David, ein englischer Journalist und ich haben den ehrgeizigen Plan und wollen, nachdem es uns gestern nicht gelungen war eine schnuckelige Bar zu finden, es in Old Town versuchen. Unser Plan droht zu scheitern, da uns der berühmteste Küchenchef der Insel zu sich einlädt. Das können und wollen wir dann auf keinen Fall verpassen und ich wechsle schnell mal das Hotel, schmeiß mich in mein Glamouroutfit und fahre in einem standardmäßig unterkühlten Bus zum „Budathai“ zu Robert Trevino.
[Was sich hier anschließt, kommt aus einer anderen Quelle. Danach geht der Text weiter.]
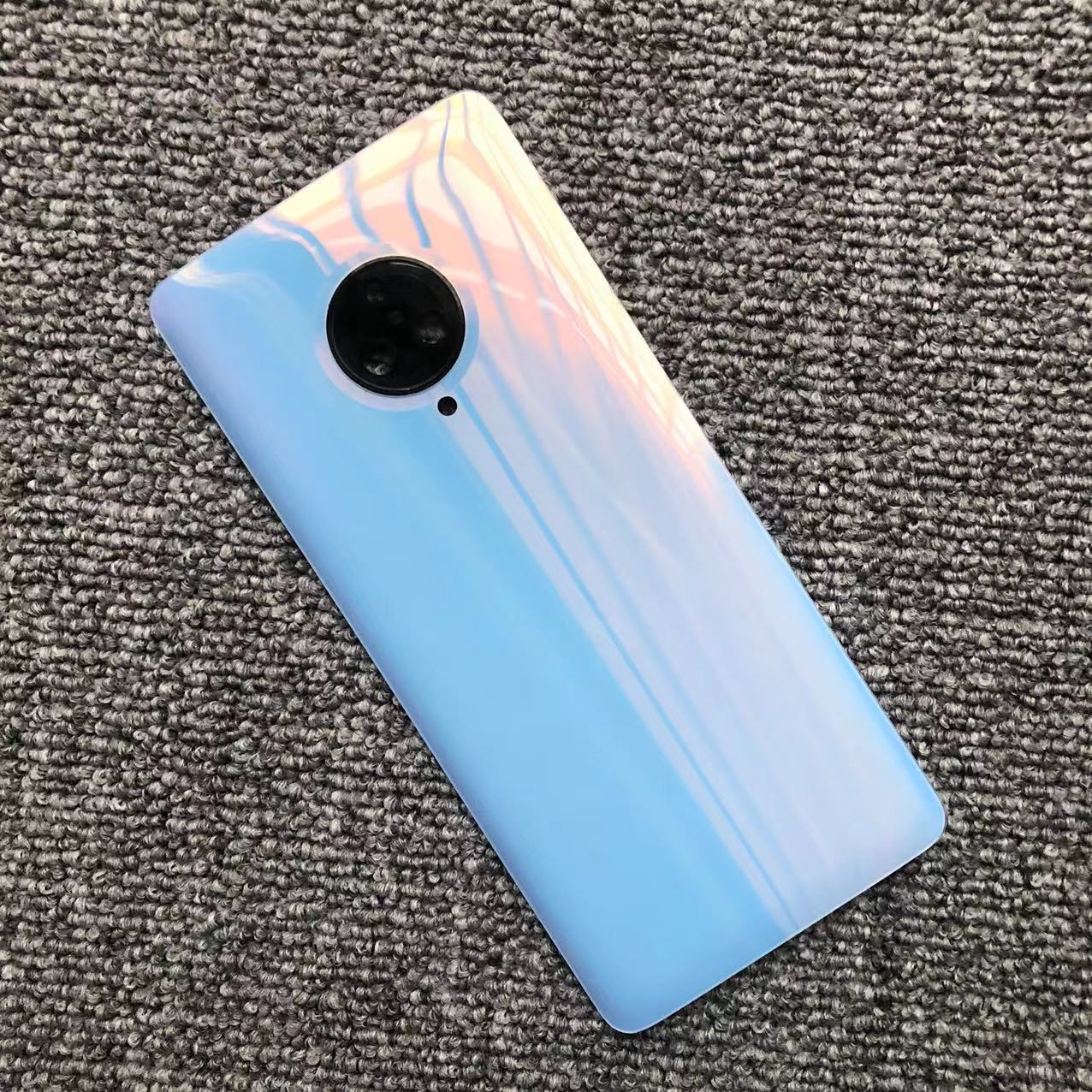 适用VIVONEX3后盖玻璃改装vivo NEX3s5G手机电池盖后壳屏外壳镜框-图3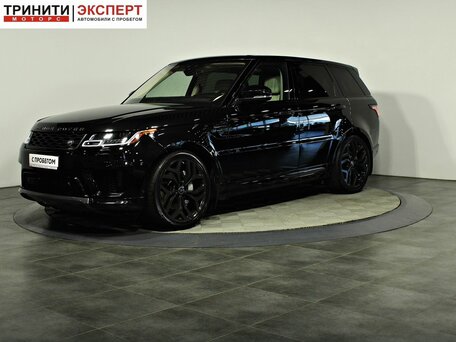 Land Rover Range Rover Sport II Рестайлинг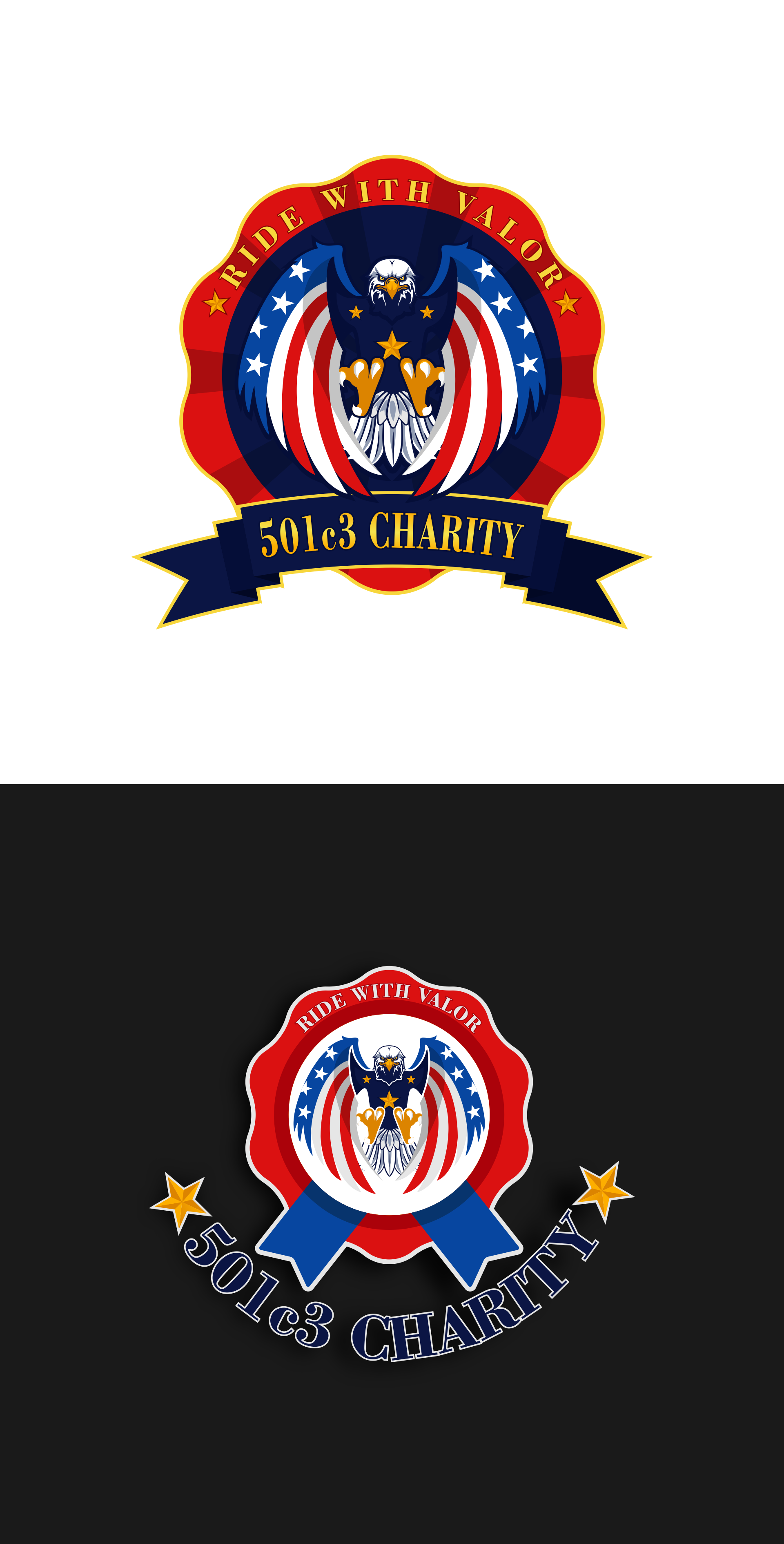 Logo Design by mike edan for Ride with Valor | Design #22598124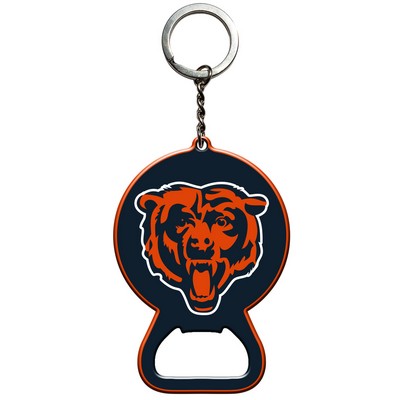 Fan Mats  LLC Chicago Bears Keychain Bottle Opener Blue & Orange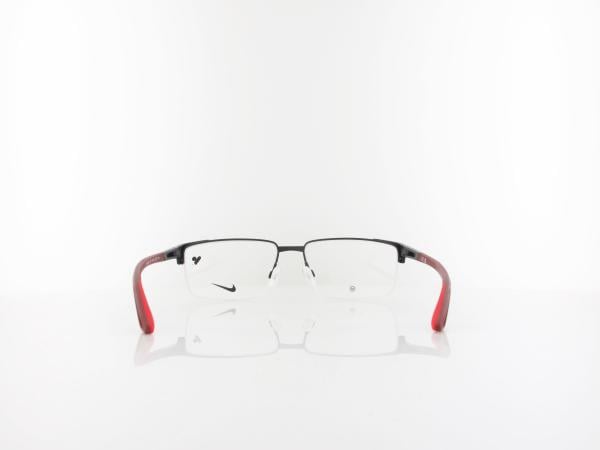 Nike | NK8054 006 55 | satin black matte team red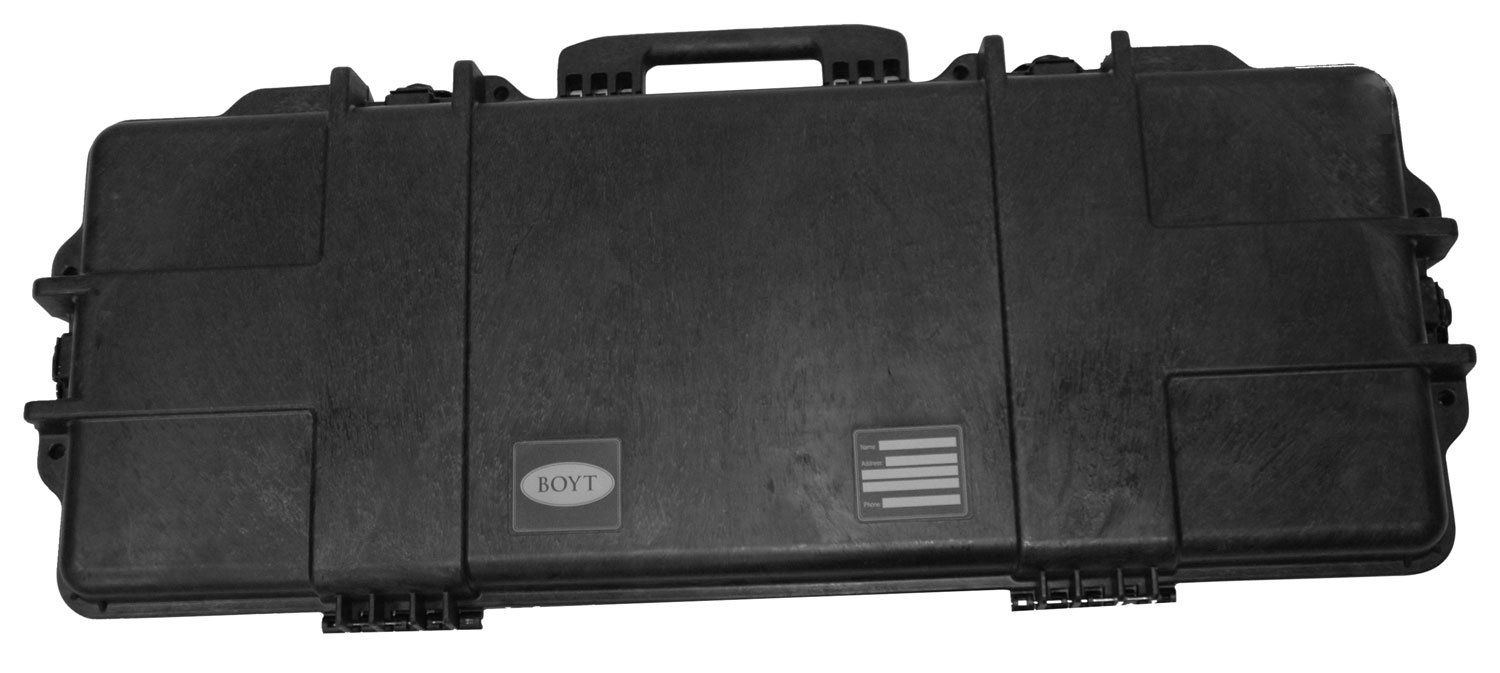 Boyt Harness H36SG Single Gun Case Black 36.5" Water Resistant Foam - Boyt Harness Company - BLACK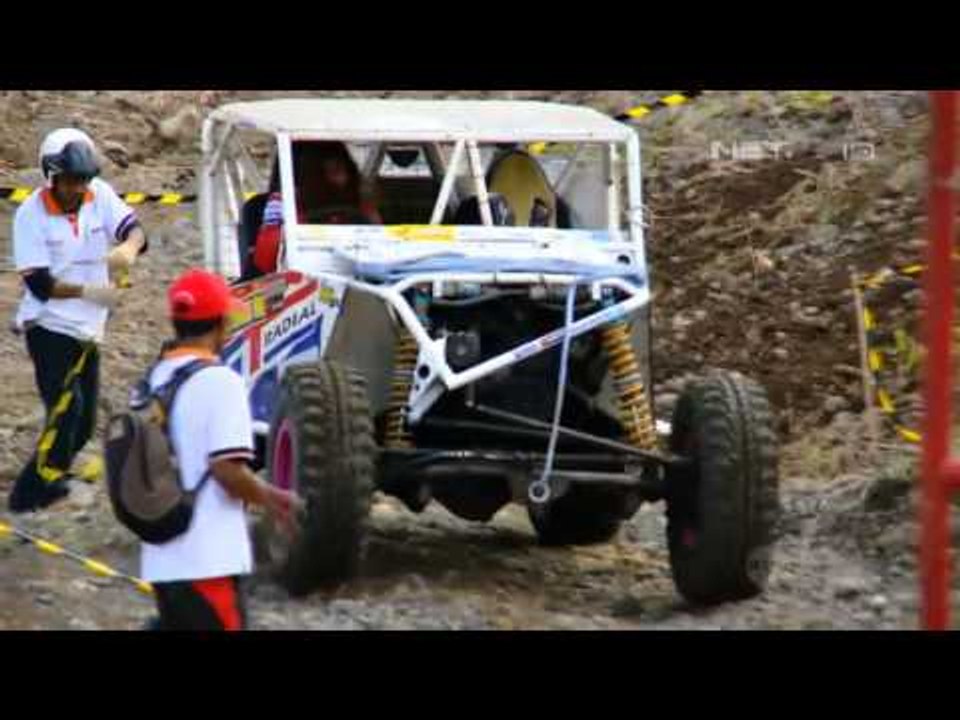 IMS - Seri 1 Kejuaraan Nasional Four Drive Extreme di Tasikmalaya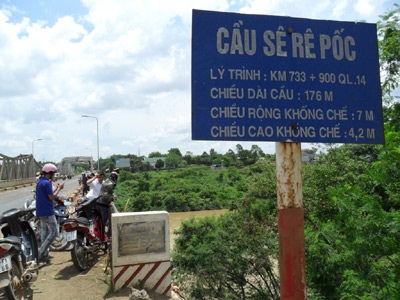 Thảm họa Sêrêpôk: Hiện trường sau 3 ngày nhìn lại - 1 Thảm họa Sêrêpôk: Hiện trường sau 3 ngày nhìn lại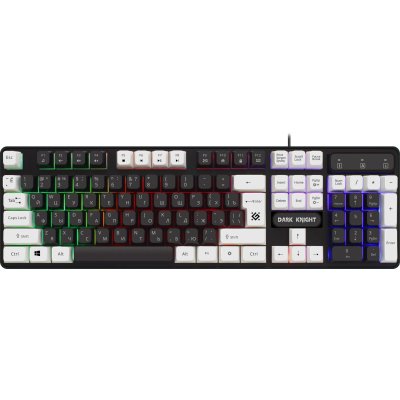 клавиатура Defender Dark Knight GK-077 Black-White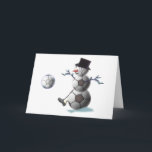 Soccer Ball Snowman Weihnachten<br><div class="desc">Der niedliche Soccer-Schneemann hofft,  dass Ihr Urlaub zum Kicken kommt! Spaß Weihnachtsartikel und Geschenkideen für Fußball-Liebhaber auf Ihrer UrlaubsEinkaufsliste!</div>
Mehr als angetan bin ich bereits als sie uns auf die Dachterrasse zu einem kleinen Weinempfang führen (muss ich den Meerblick noch erwähnen?) und als endgültig unglaublich wichtig fühle ich mich, als wir vorbei an den Gästen in ein Separee geführt werden, wo wir von kurz gebratenen Thunfisch mit Wasabi-Kaviar über das beste Steak meines Lebens bis hin zu den süßesten Bollwerken der Dessertküche alles serviert bekommen, was das Gourmetherz nur erfreuen kann.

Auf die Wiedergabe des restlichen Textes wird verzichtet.